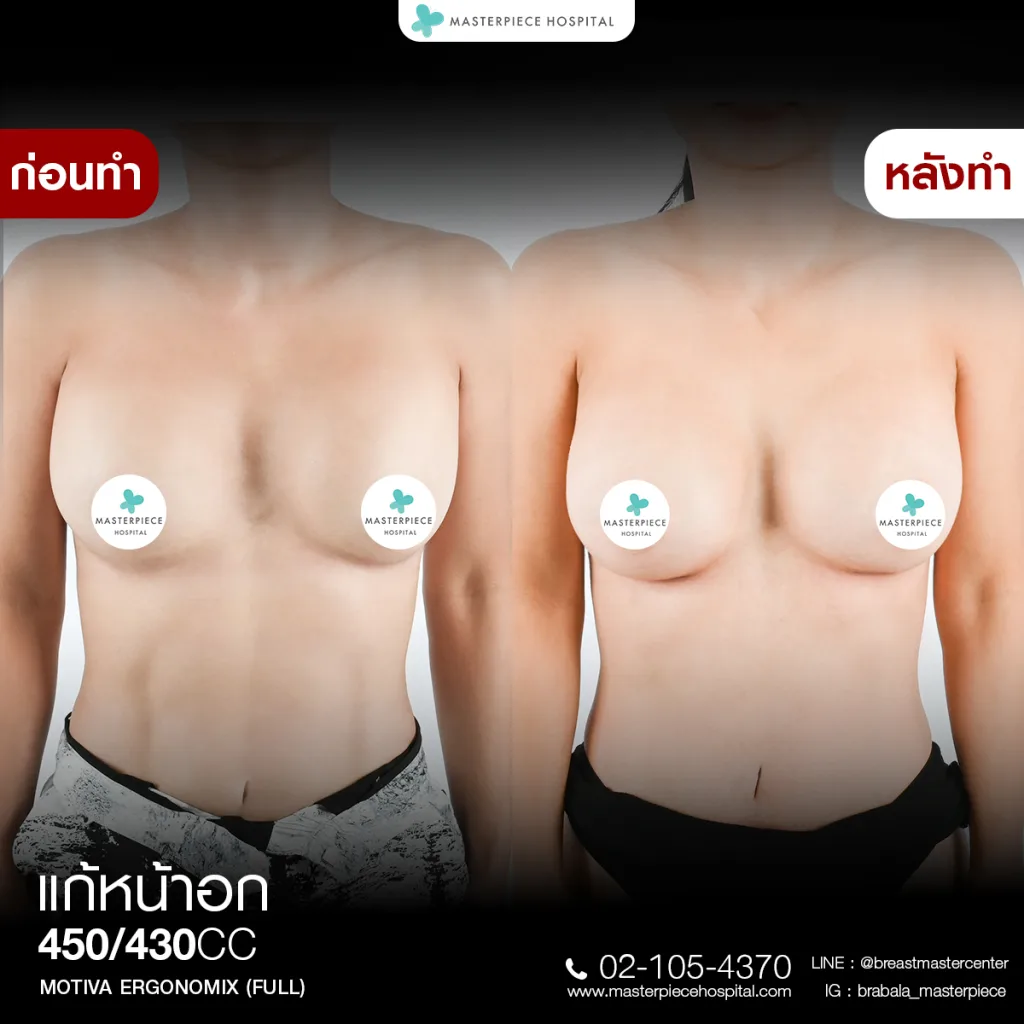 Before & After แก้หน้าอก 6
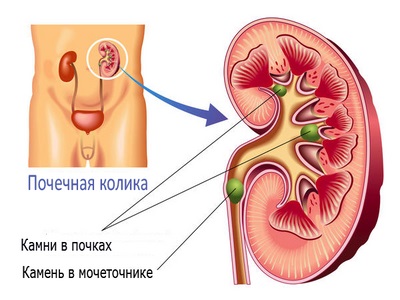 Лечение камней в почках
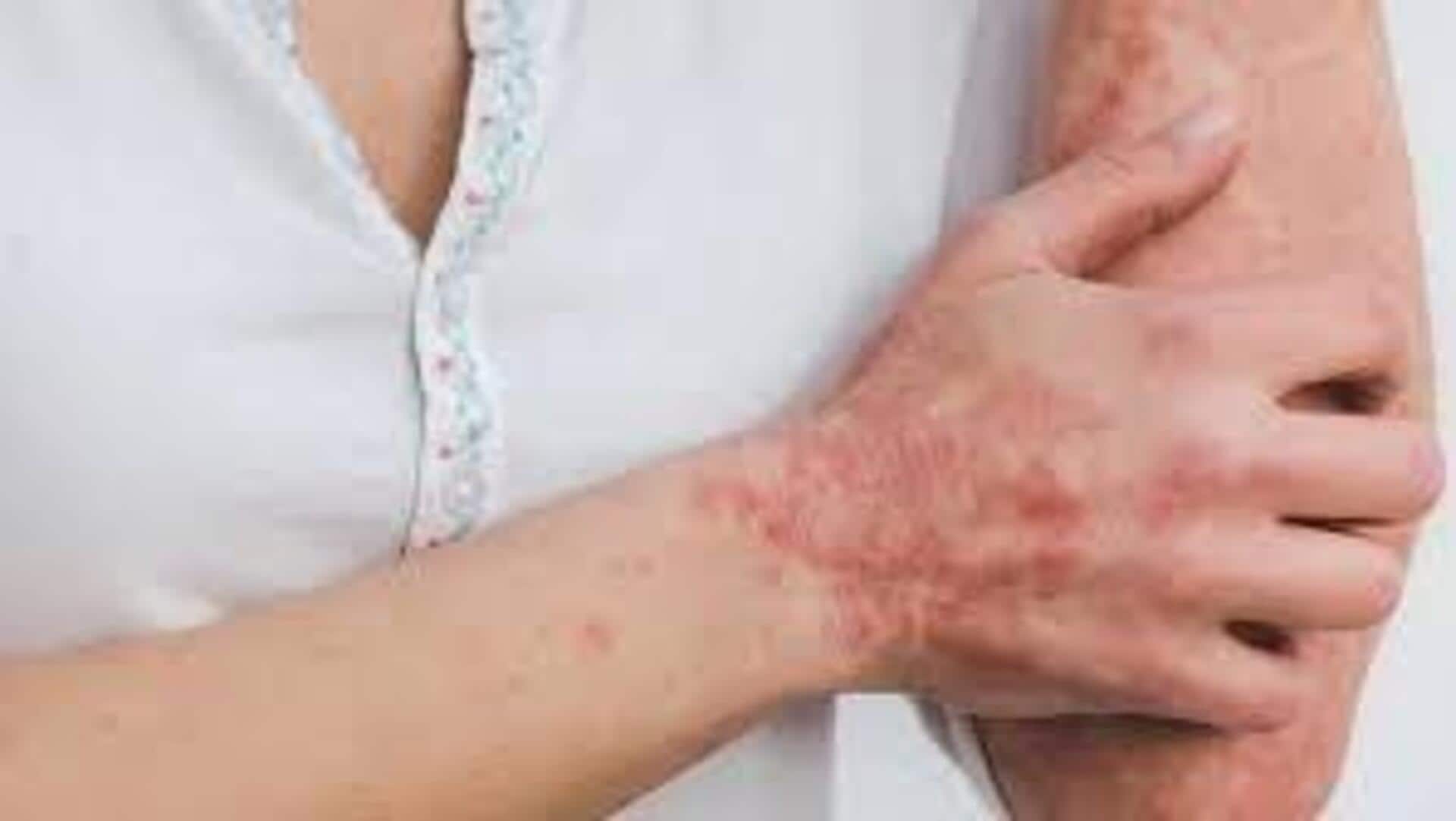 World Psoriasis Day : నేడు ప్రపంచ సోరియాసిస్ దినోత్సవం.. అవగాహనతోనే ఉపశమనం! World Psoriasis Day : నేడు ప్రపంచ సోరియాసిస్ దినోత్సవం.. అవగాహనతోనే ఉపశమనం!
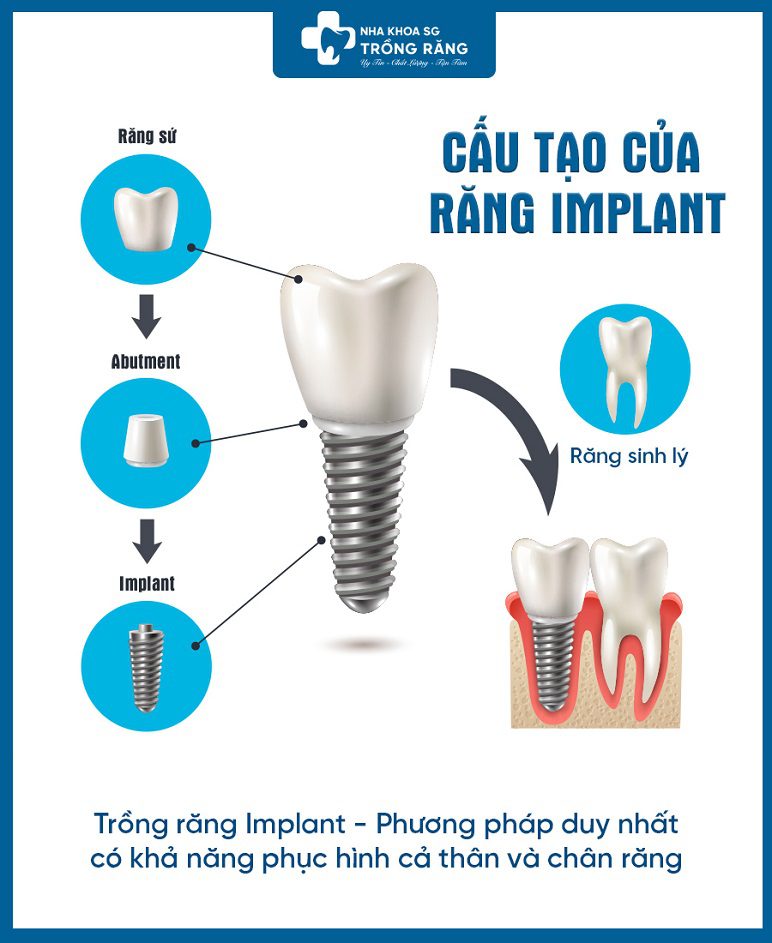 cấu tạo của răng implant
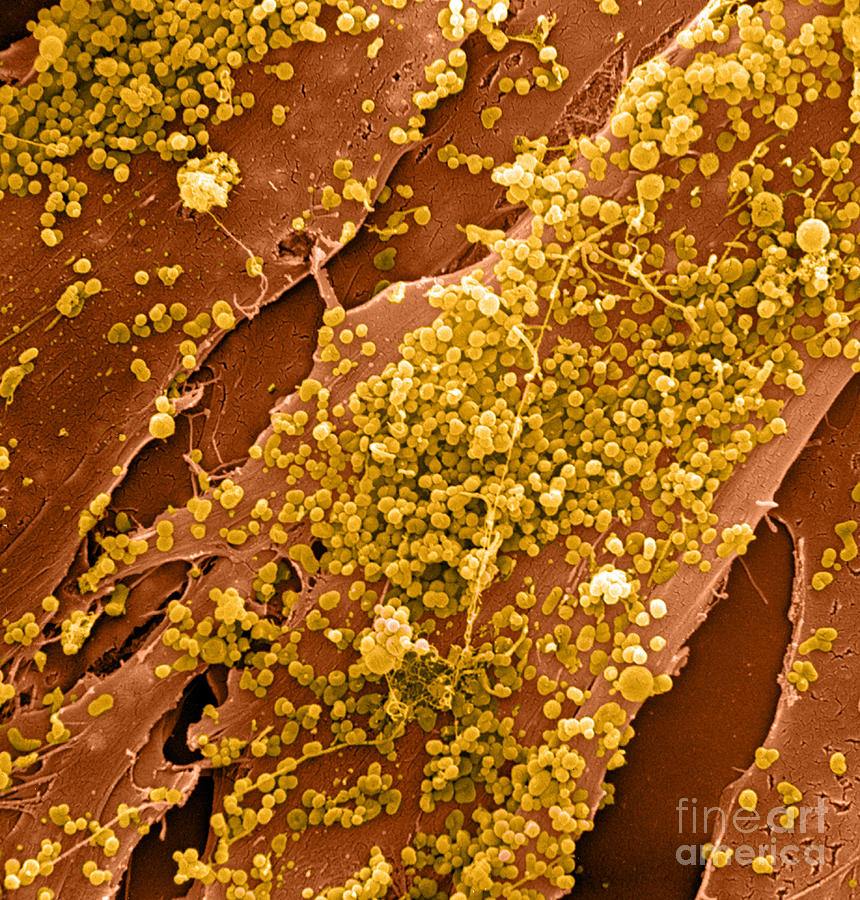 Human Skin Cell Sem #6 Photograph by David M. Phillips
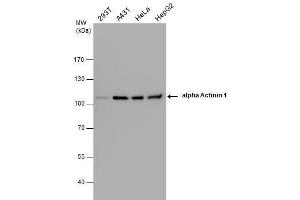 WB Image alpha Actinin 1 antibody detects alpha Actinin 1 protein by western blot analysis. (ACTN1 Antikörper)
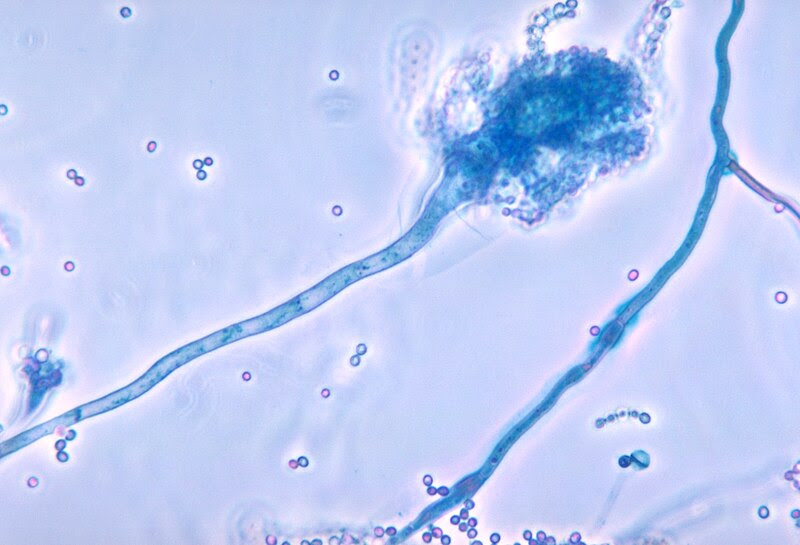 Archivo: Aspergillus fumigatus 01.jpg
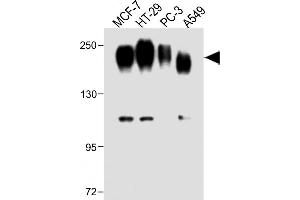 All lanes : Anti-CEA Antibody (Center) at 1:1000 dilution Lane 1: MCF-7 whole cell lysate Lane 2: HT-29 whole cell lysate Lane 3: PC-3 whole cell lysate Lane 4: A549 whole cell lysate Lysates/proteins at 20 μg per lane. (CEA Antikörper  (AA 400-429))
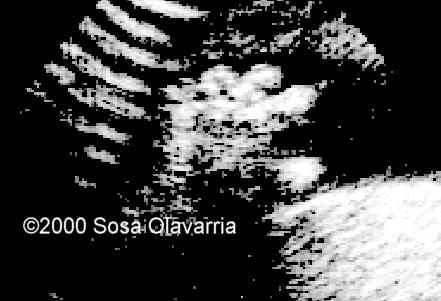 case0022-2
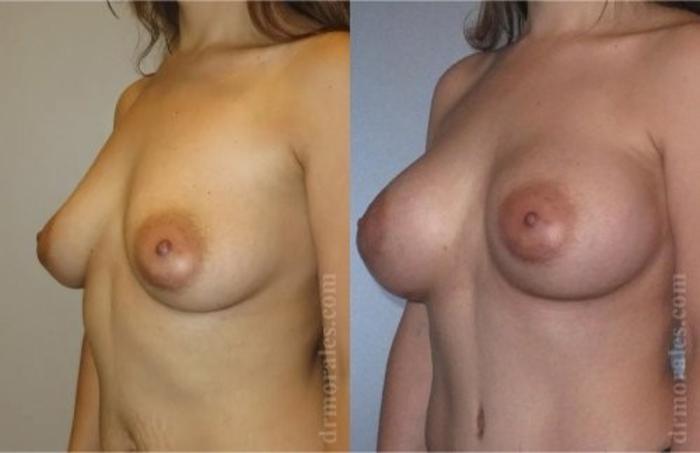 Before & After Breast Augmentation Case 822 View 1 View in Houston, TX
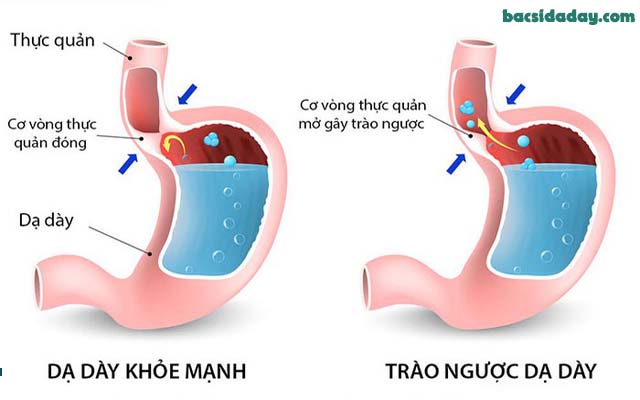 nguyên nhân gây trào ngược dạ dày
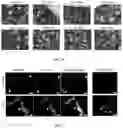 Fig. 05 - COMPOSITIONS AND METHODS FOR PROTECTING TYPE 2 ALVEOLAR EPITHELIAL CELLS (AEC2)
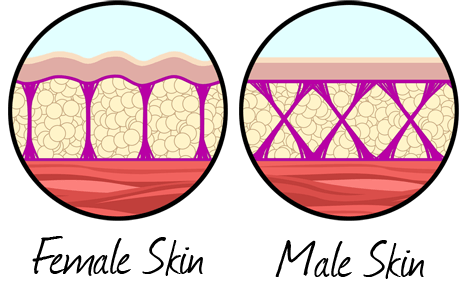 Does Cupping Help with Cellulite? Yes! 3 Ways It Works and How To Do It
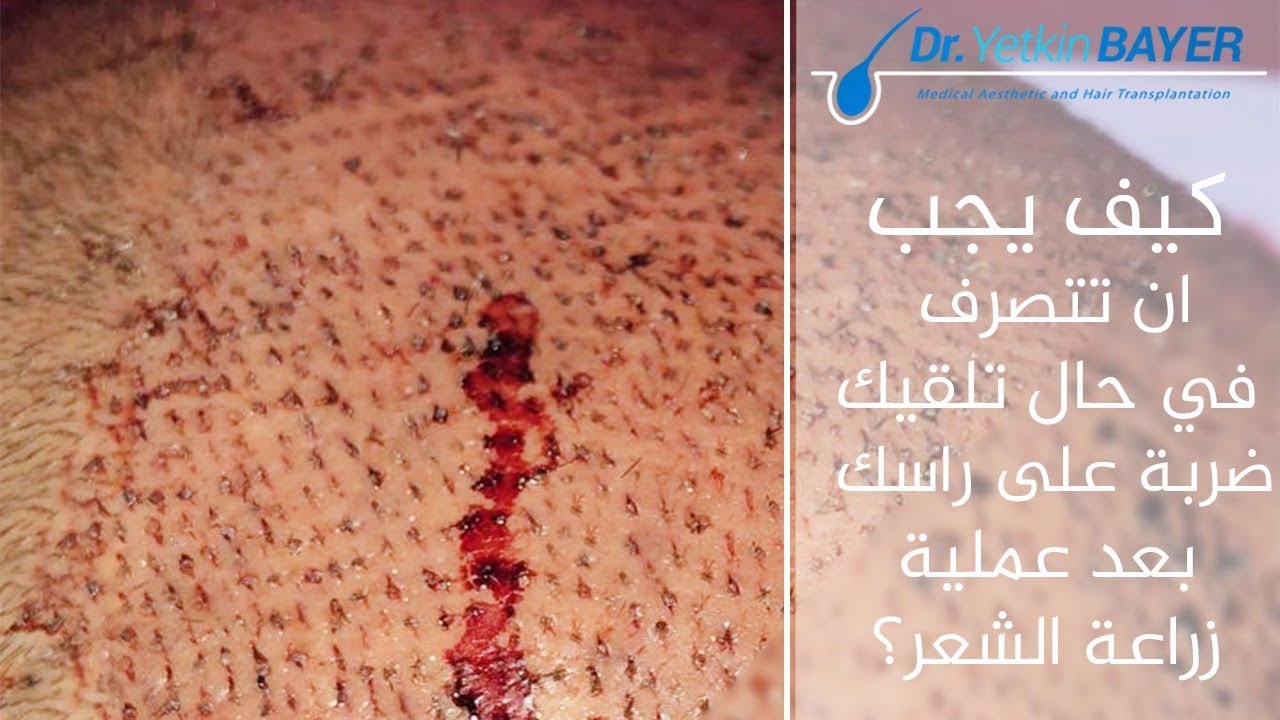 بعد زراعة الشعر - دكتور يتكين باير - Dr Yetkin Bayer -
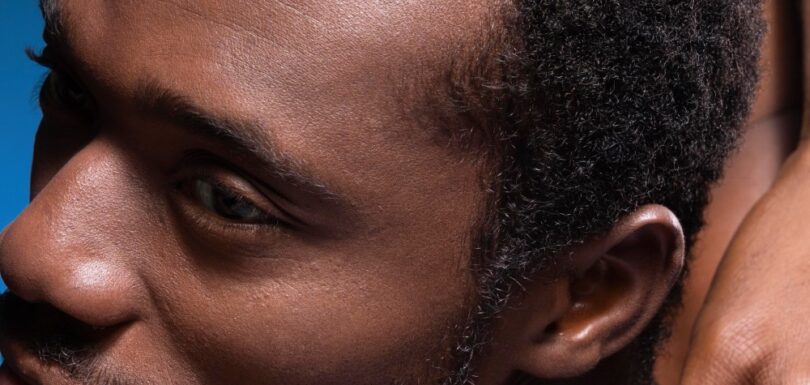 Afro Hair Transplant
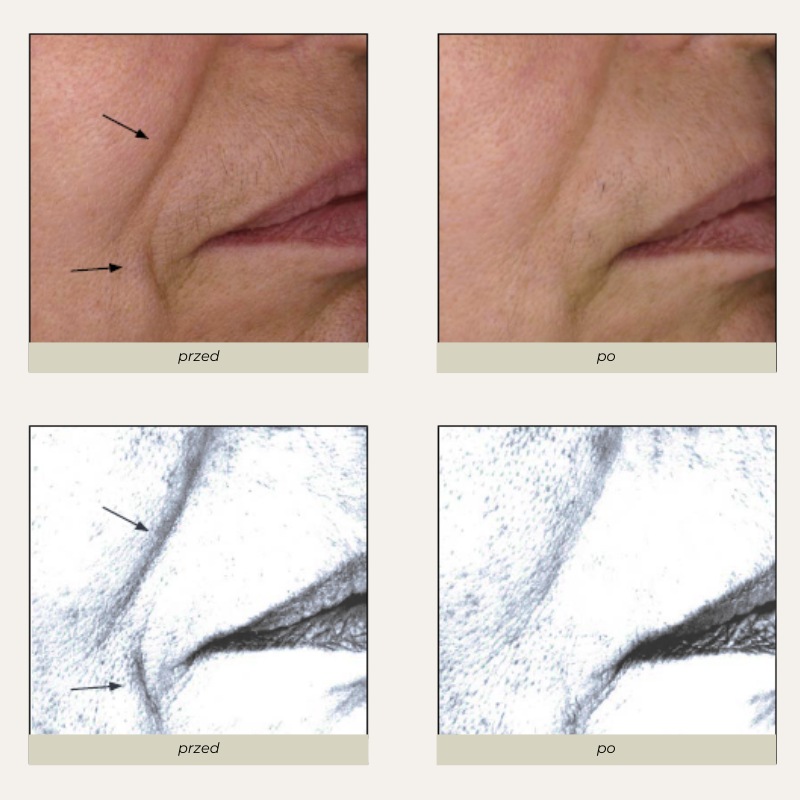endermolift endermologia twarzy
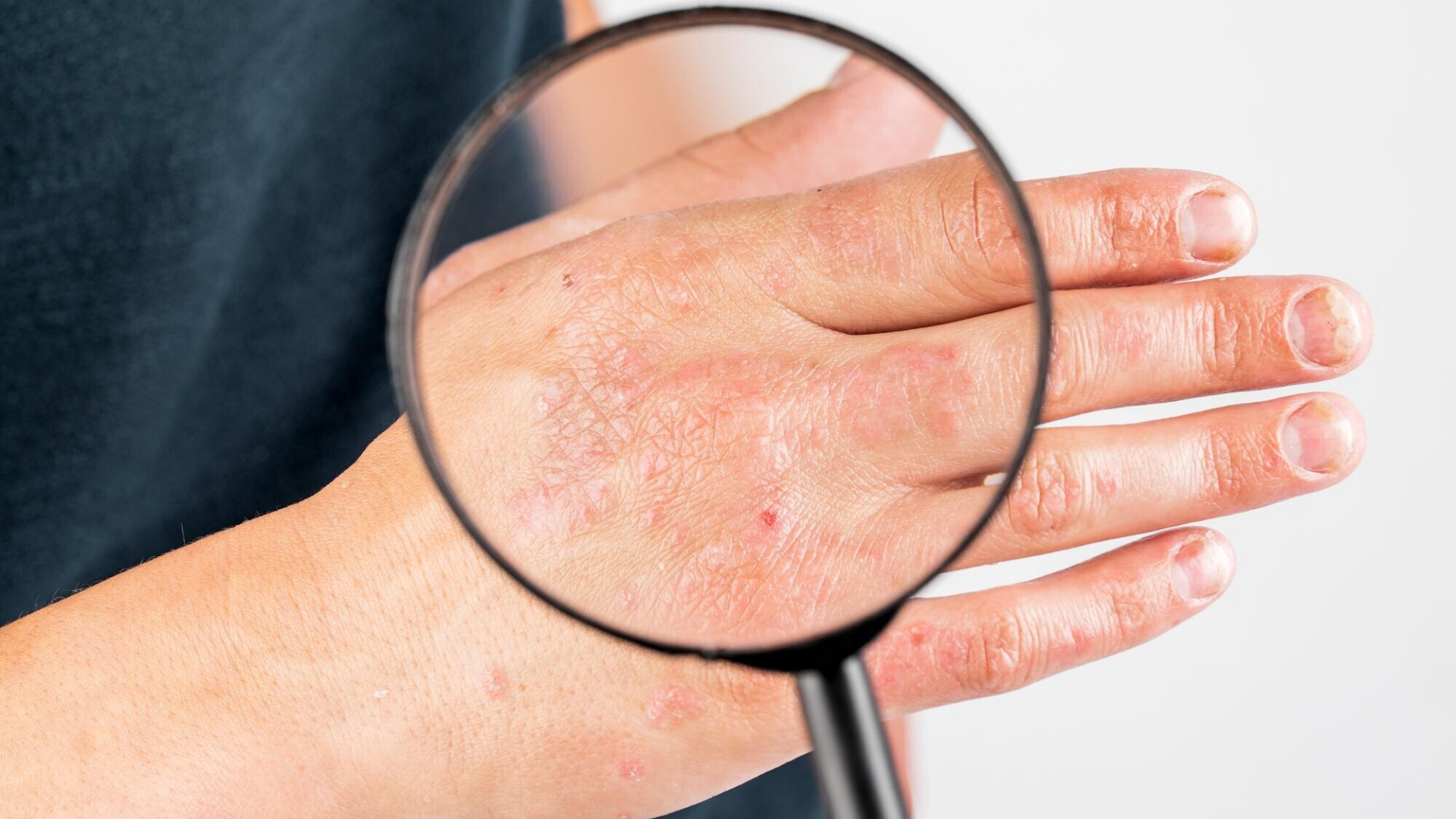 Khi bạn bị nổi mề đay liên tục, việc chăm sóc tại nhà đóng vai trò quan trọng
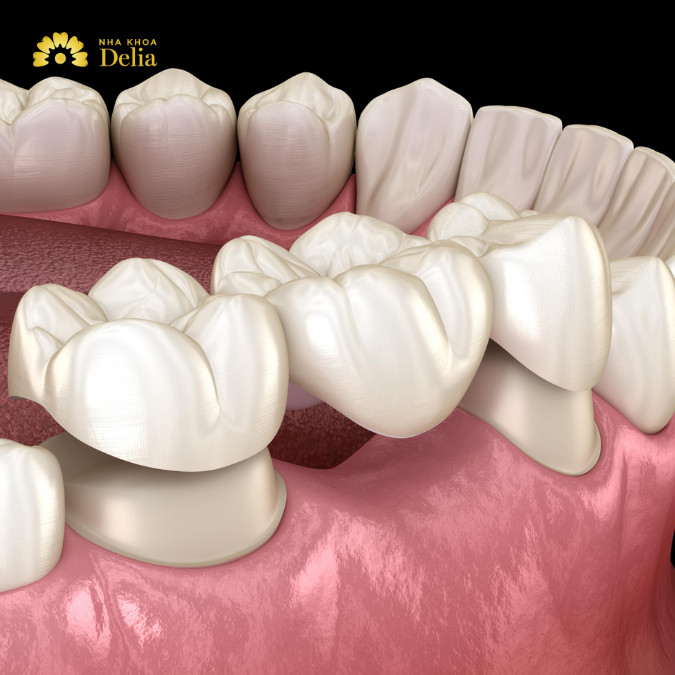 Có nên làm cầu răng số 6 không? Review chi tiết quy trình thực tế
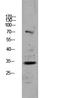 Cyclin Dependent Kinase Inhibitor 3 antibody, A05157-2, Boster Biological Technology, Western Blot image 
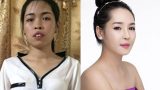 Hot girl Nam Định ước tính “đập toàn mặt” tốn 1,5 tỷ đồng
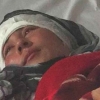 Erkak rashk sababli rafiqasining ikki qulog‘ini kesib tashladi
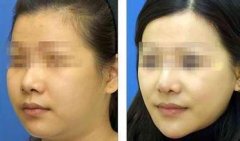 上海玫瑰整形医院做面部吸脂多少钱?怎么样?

What to produce:
The material above must be printed exactly, with its pictures left out.

Output for this task:
 Before & After แก้หน้าอก 6
 Лечение камней в почках
 World Psoriasis Day : నేడు ప్రపంచ సోరియాసిస్ దినోత్సవం.. అవగాహనతోనే ఉపశమనం! World Psoriasis Day : నేడు ప్రపంచ సోరియాసిస్ దినోత్సవం.. అవగాహనతోనే ఉపశమనం!
 cấu tạo của răng implant
 Human Skin Cell Sem #6 Photograph by David M. Phillips
 WB Image alpha Actinin 1 antibody detects alpha Actinin 1 protein by western blot analysis. (ACTN1 Antikörper)
 Archivo: Aspergillus fumigatus 01.jpg
 All lanes : Anti-CEA Antibody (Center) at 1:1000 dilution Lane 1: MCF-7 whole cell lysate Lane 2: HT-29 whole cell lysate Lane 3: PC-3 whole cell lysate Lane 4: A549 whole cell lysate Lysates/proteins at 20 μg per lane. (CEA Antikörper  (AA 400-429))
 case0022-2
 Before & After Breast Augmentation Case 822 View 1 View in Houston, TX
 nguyên nhân gây trào ngược dạ dày
 Fig. 05 - COMPOSITIONS AND METHODS FOR PROTECTING TYPE 2 ALVEOLAR EPITHELIAL CELLS (AEC2)
 Does Cupping Help with Cellulite? Yes! 3 Ways It Works and How To Do It
 بعد زراعة الشعر - دكتور يتكين باير - Dr Yetkin Bayer -
 Afro Hair Transplant
endermolift endermologia twarzy
 Khi bạn bị nổi mề đay liên tục, việc chăm sóc tại nhà đóng vai trò quan trọng
 Có nên làm cầu răng số 6 không? Review chi tiết quy trình thực tế
 Cyclin Dependent Kinase Inhibitor 3 antibody, A05157-2, Boster Biological Technology, Western Blot image 
 Hot girl Nam Định ước tính “đập toàn mặt” tốn 1,5 tỷ đồng
 Erkak rashk sababli rafiqasining ikki qulog‘ini kesib tashladi
 上海玫瑰整形医院做面部吸脂多少钱?怎么样?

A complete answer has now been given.